Commanders and leaders
- Ōyama Iwao Kuroki Tamemoto Oku Yasukata Nozu Michitsura: Aleksey Kuropatkin Georgii Stackelberg Nikolai Zarubaev Alexandr von Bilderling

Strength
- 127,360 men 484 guns: 149,000 to 158,000 men 673 guns

Casualties and losses
- 22,922 5,537 killed; 18,603 wounded;: 19,112 3,611 killed; 14,301 wounded;

= Battle of Liaoyang =

First major land battle of the Russo-Japanese war

The Battle of Liaoyang (遼陽会戦, Ryōyō-kaisen) (Сражение при Ляояне) was a major land battle of the Russo-Japanese War, on the outskirts of the city of Liaoyang in present-day Liaoning Province, China. The city was of great strategic importance as the major Russian military center for southern Manchuria, and a major population center on the main line on the Russian South Manchurian Railway connecting Port Arthur with Mukden. The city was fortified by the Imperial Russian Army with three lines of fortifications.

==Background==
When the Imperial Japanese Army landed on the Liaodong Peninsula, Japanese General Ōyama Iwao divided his forces. The IJA 3rd Army under Lieutenant General Nogi Maresuke was assigned to attack the Russian naval base at Port Arthur to the south, while the IJA 1st Army, IJA 2nd Army and IJA 4th Army would converge on the city of Liaoyang. Russian General Aleksey Kuropatkin planned to counter the Japanese advance with a series of planned withdrawals, intended to trade territory for the time necessary for enough reserves to arrive from Russia to give him a decisive numerical advantage over the Japanese. However, this strategy was not in favor with the Russian Viceroy Yevgeni Ivanovich Alekseyev, who was pushing for a more aggressive stance and quick victory over Japan.

Both sides viewed Liaoyang as a site suitable for a decisive battle which would decide the outcome of the war.

==Preparations==
At Liaoyang, Kuropatkin had a total of 14 divisions with 158,000 men, supported by 609 artillery pieces. He divided his forces into three groups.
- The Eastern Group was commanded by General Alexandr von Bilderling and consisted of the 3rd Siberian Army Corps and the 10th European Army Corps.
- The Southern Group was commanded by General Nikolai Zarubaev and consisted of the 1st Siberian Army Corps, 2nd Siberian Army Corps and 4th Siberian Army Corps, together with a total of 11 cavalry squadrons under Lieutenant General Pavel Mishchenko.
- Kuropatkin kept a reserve of 30 battalions, mostly from the 17th Siberian Army Corps.
His outermost defensive line extended approximately 12 mi to the south of the ancient walled city. With the start of the rainy season in July, the muddy terrain favored the defenders.

Ōyama also divided his forces into three groups:
- IJA 1st Army under General Kuroki Tamemoto,
- IJA 2nd Army under General Oku Yasukata,
- IJA 4th Army under General Nozu Michitsura.
Ōyama had a total of eight divisions with 120,000 men and 170 artillery pieces. The overall Japanese strategy, which had been developed by General Kodama Gentarō, was to have the 2nd Army advance along the railway line, while the 1st Army converged upon the city via Motien Pass from the north. The 4th Army would be a reserve to be committed to the right of the 2nd Army towards the end of the battle.
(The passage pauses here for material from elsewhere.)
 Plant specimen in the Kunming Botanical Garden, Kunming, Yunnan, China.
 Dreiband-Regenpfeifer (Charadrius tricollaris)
Due to a disparity in military intelligence, Kuropatkin was convinced that he was outnumbered, whereas Ōyama, with the assistance of the local Chinese population, had precise knowledge of the Russian strength and deployment. However, Ōyama was concerned with his numerical inferiority, and waited to attack in hopes that a quick victory at Port Arthur would enable him to add the strength of IJA 3rd Army to his forces before yet more Russian reinforcements arrived to the north. However, after three weeks without progress at Port Arthur, Ōyama decided that he could wait no longer.

==Battle==
The battle began on 25 August with a Japanese artillery barrage, followed by the advance of the Japanese Imperial Guards Division under Lieutenant General Hasegawa Yoshimichi against the right flank of the 3rd Siberian Army Corps. The attack was defeated by the Russians under General Bilderling largely due to the superior weight of the Russian artillery and the Japanese took over a thousand casualties.

On the night of 25 August, the IJA 2nd Division and IJA 12th Division under Major General Matsunaga Masatoshi engaged the 10th Siberian Army Corps to the east of Liaoyang. Fierce night fighting occurred around the slopes of a mountain called "Peikou", which fell to the Japanese by the evening of 26 August. Kuropatin ordered a retreat under the cover of heavy rain and fog, to the outermost defensive line surrounding Liaoyang, which he had reinforced with his reserves. Also on 26 August, the advance of the IJA 2nd Army and IJA 4th Army was stalled by General Zarubaev's Southern Group before the outmost defensive line to the south.

However, on 27 August, much to the surprise of the Japanese and consternation of his commanders, Kuropatkin did not order a counterattack, but instead ordered that the outer defense perimeter be abandoned, and that all Russian forces should pull back to the second defensive line. This line was approximately 7 mi south of Liaoyang, and included several small hills which had been heavily fortified, most notably a 210-meter tall hill known to the Russians as "Cairn Hill". The shorter lines were easier for the Russians to defend, but played into Ōyama’s plans to encircle and destroy the Russian Manchurian Army. Ōyama ordered Kuroki to the north, where he cut the railroad line and the Russian escape route, while Oku and Nozu were ordered to prepare for a direct frontal assault to the south.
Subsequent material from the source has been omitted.